As a result, refineries face the need to discard spent decolorizing soil and / or spent acidic sludge, but this task is more and more complicated by the ever-increasing demands on environmental protection conditions. »

Moreover, such a treatment is economically unfavorable because of the high cost of decoloring earths and sulfuric acid, as well as the low yields that can be achieved.

In the case of the extraction of the oil with normal paraffins and so on. Hydrogenation of the products obtained in it becomes necessary due to the impossibility of complete removal of the organometallic impurities and the oxidation products from the oil by extraction, to obtain "high-lubricity lubricants Molecular weight meeting the requirements of using at least one leveling agent with a decolorizing earth * However, in this case too, the lifetime of the hydrofinish catalyst is extremely short. "

Surprisingly, it has been found that it is possible to refine the entire range of oils resulting from the refining of spent engine oils, with only one final hydrogenation treatment, hydrofinishing treatment being performed in the last stage _. Without resorting to a treatment with decolorizing carbon and / or sulfuric acid, at the same time achieving an improved life of the hydrofinic catalyst, if one no longer applies the new ax of the heat treatment to the entire mass of the oil to be treated, as this previously the case, but only to the heavier fraction of the oil and at the same time subjecting this heavier fraction of the oil after the heat treatment of an extraction with a solvent,

A ccess of the invention ,

The aim of the invention is to provide a process for the regeneration of spent oils, which enables a reduction in the amount of heat required for the intrinsic or internal consumption of the device and a simplified construction of the Srwärmungsofens »
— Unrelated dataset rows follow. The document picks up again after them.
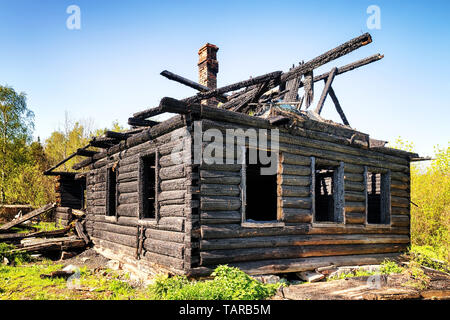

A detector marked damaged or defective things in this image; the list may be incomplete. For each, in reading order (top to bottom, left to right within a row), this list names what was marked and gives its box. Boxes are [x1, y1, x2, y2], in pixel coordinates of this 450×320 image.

broken wooden beam [282, 32, 372, 82]
broken wooden beam [160, 70, 227, 102]
broken wooden beam [316, 67, 338, 114]
burnt timber [44, 33, 418, 276]
burned wooden cabin [44, 33, 420, 276]
broken wooden beam [0, 204, 55, 231]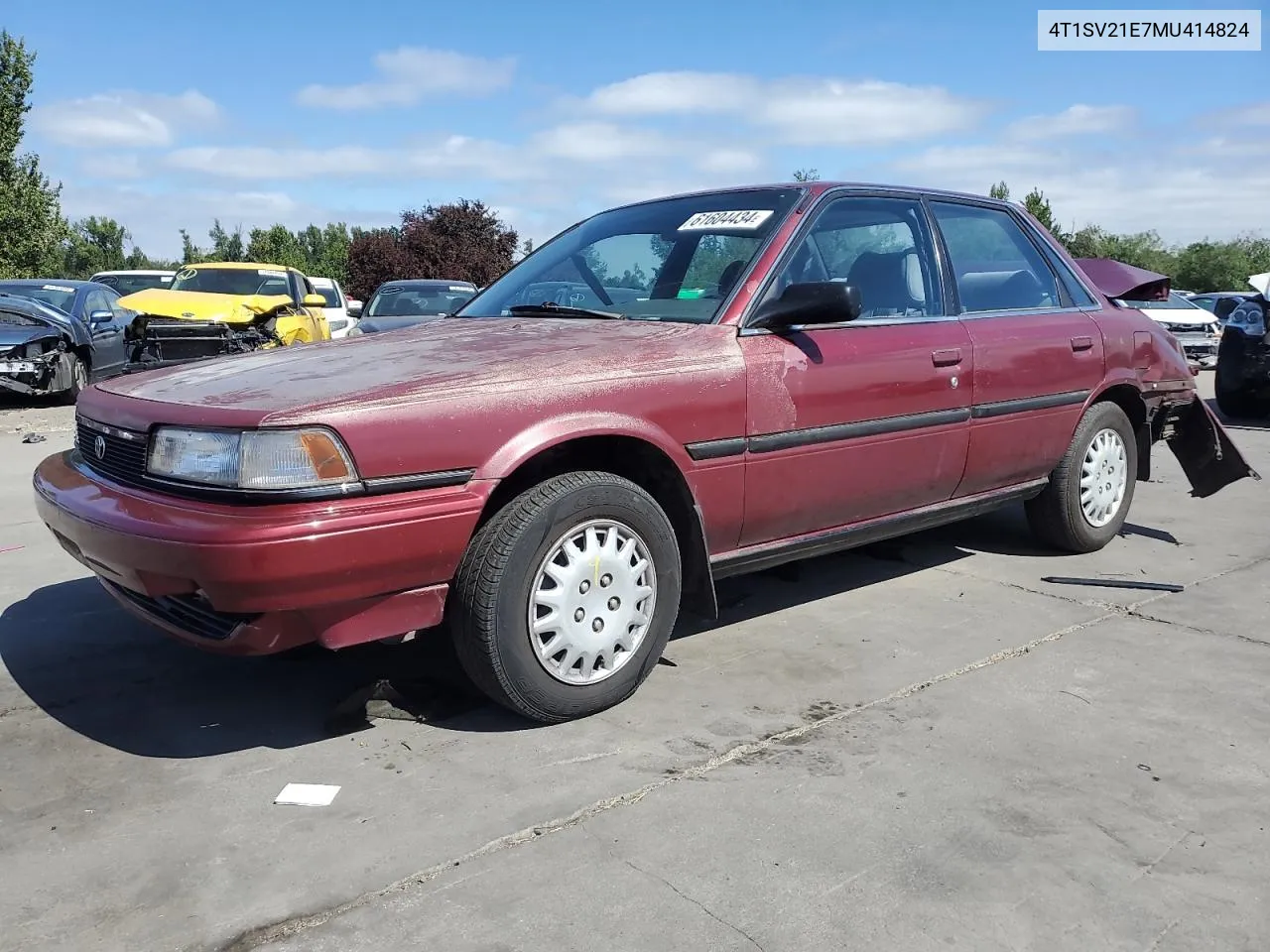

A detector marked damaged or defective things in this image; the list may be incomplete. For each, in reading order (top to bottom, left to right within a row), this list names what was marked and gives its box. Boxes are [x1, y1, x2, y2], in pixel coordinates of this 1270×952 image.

wrecked car in background [0, 282, 130, 404]
wrecked car in background [119, 262, 332, 370]
wrecked car in background [30, 182, 1259, 726]
damaged rear bumper [1163, 388, 1259, 500]
crack in pavement [213, 611, 1117, 952]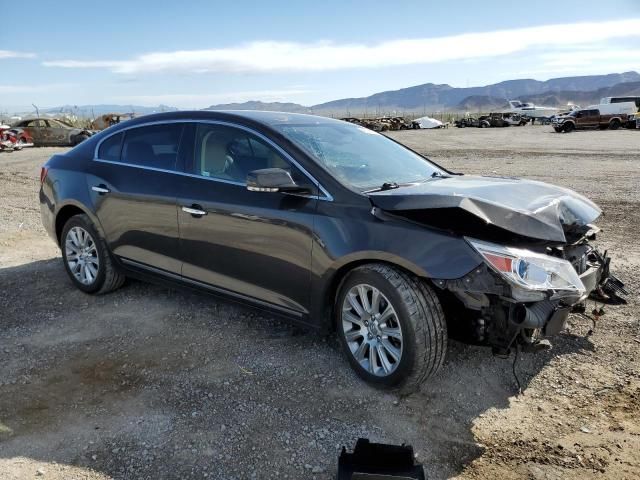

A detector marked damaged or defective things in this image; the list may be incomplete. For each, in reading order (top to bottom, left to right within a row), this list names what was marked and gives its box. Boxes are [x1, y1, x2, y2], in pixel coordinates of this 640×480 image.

wrecked vehicle [0, 125, 32, 152]
wrecked vehicle [11, 117, 94, 145]
damaged black sedan [40, 110, 624, 392]
wrecked vehicle [41, 113, 624, 394]
broken headlight [464, 238, 584, 294]
crushed front end [436, 227, 624, 354]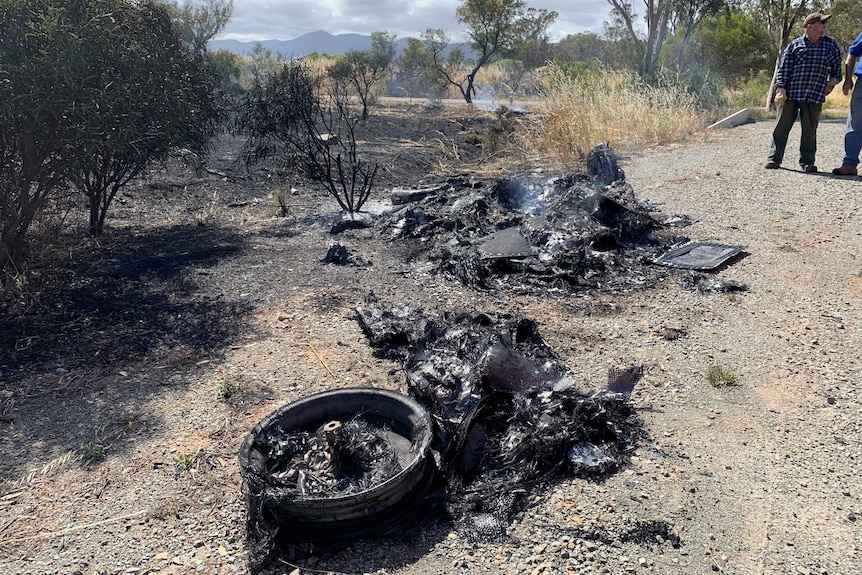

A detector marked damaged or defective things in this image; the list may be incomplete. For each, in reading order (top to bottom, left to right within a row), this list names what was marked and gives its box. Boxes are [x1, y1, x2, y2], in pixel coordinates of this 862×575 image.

burned tire rim [240, 390, 436, 548]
presentation; the essence of the invention

The invention has for its object to develop a method in which lubricant oils can be obtained, which meet the necessary requirements, without having to resort to the treatment with soil and / or with sulfuric acid, wherein the hydrofinic catalyst at the same time a prolonged life having.
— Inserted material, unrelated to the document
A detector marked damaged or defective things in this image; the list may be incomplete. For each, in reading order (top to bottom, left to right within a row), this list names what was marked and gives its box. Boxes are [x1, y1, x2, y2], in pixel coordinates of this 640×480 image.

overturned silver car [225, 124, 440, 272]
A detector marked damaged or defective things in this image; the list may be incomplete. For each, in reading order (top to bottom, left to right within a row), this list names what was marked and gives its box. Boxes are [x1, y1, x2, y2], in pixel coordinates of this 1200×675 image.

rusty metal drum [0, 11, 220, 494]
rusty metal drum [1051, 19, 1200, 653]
In particular, the process according to the invention comprises the following stages:

a) heating the oil in a first furnace;

b) passing the heated oil to a pre-distillation column and separating the water and the light hydrocarbons at the top of the column 5

c) recovering the oil from the bottom or bottom of the pre-distillation column and transferring to a solution

, middle extraction section for removing the main fraction of impurities contained in the oil; ά) heating the oil leaving the extraction stage after stripping the solvent therefrom in a second furnace

e) feeding the oil from the heating stage in a distillation stage under vacuum at a bottom temperature of about 3OO ⁰ C for the separation of the lubricant base materials with lower viscosity, which are free from impurities from the column side and discharge of the heavier lubricant base products in which the remaining impurities were concentrated, from the swamp;

f) subjecting the heavier lubricating fraction to a heat treatment at a temperature of 300 to 450 ⁰ C under adiabatic conditions, for a period of 1 to 120 Minutenj-

g) subjecting the heavier Scbmiermittelfraktion after the heat treatment of a second extraction with an Lösungsmittelj ¹

h) transferring the heavier lubricant base materials and the other base materials having a lower viscosity in separate form to an Eydrofiniscb stage.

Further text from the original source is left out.